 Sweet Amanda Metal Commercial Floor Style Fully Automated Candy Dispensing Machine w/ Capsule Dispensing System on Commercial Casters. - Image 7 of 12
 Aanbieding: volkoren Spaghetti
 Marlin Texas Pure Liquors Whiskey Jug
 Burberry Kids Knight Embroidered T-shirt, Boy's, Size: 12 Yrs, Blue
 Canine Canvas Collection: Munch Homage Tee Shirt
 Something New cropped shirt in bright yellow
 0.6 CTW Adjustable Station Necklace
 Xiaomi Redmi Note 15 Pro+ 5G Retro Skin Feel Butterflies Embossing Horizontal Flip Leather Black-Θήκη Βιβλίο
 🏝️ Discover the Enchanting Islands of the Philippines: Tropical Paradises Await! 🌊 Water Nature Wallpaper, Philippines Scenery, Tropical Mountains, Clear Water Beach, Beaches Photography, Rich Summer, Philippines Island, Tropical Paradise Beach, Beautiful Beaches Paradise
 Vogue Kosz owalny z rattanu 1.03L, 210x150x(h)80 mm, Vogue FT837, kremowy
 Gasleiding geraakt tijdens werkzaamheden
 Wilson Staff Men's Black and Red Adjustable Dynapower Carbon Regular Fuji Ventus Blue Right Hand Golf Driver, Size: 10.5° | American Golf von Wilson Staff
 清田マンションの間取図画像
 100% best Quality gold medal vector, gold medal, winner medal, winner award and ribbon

++++

◆ Task to carry out
Would you output, from the records above, exactly the run of lines that starts at the line containing "Burberry Kids Knight" and ends at the line containing "Gasleiding geraakt tijdens werkzaamheden", and only that run?

◆ Task result
 Burberry Kids Knight Embroidered T-shirt, Boy's, Size: 12 Yrs, Blue
 Canine Canvas Collection: Munch Homage Tee Shirt
 Something New cropped shirt in bright yellow
 0.6 CTW Adjustable Station Necklace
 Xiaomi Redmi Note 15 Pro+ 5G Retro Skin Feel Butterflies Embossing Horizontal Flip Leather Black-Θήκη Βιβλίο
 🏝️ Discover the Enchanting Islands of the Philippines: Tropical Paradises Await! 🌊 Water Nature Wallpaper, Philippines Scenery, Tropical Mountains, Clear Water Beach, Beaches Photography, Rich Summer, Philippines Island, Tropical Paradise Beach, Beautiful Beaches Paradise
 Vogue Kosz owalny z rattanu 1.03L, 210x150x(h)80 mm, Vogue FT837, kremowy
 Gasleiding geraakt tijdens werkzaamheden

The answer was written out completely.